Chris Paul And Victor Wembanyama Got DQ’d From The Skills Challenge For Purposefully Missing Shots

The NBA Skills Challenge is not the best event at All-Star Weekend, but it can produce some occasional fun as the opening event at All-Star Saturday Night.

The Skills Challenge has seen some different formats over the years, but this year it was the more standard course with passing and shooting stations both players on each team had to get through and their cumulative time would determine the winner. This year, to keep things moving, the players were limited to three shots from each spot and then allowed to move on to avoid someone shooting threes for 30 seconds trying to make one.
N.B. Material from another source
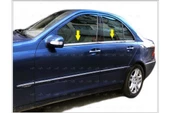 M. Benz C Klasse W203 Krom Cam Çıtası 4 prç. 2000-2007 P.Çelik - 1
While this was probably the right call, the league did not consider the fact that they put Chris Paul into the competition and when he saw that all you had to do was shoot three times, make or miss, and you got to move on, he would find a way to exploit that. Sure enough, the Spurs came out and Victor Wembanyama and Chris Paul got to the racks for shots and just chucked the balls towards the baseline without even pretending to try and shoot — earning boos from the crowd.

They got through the course in under 50 seconds as a result, but the NBA decided that the mockery of the Skills Challenge was too much and disqualified them for not even trying. Wanting to win the Skills Challenge so badly you flaunt the rules and don’t even try to shoot is the most Chris Paul thing to ever happen — but in a shocking turn of events, Wembanyama said afterwards that it was his idea, not Paul’s. Naturally, Paul and Wemby tried to argue but was unsuccessful, and that opened the door for the Warriors and Cavs teams to make it through to the final round.

The funniest part of the whole thing was when TNT’s Allie LaForce went over to try and talk with Paul and Wembanyama and got denied by someone from either the Spurs or league’s PR department.

The Cavs team of Evan Mobley and Donovan Mitchell would go on to win in the finals over Draymond Green and Moses Moody, but the Spurs actively flaunting the rules was, without a doubt, the most entertaining part of the contest.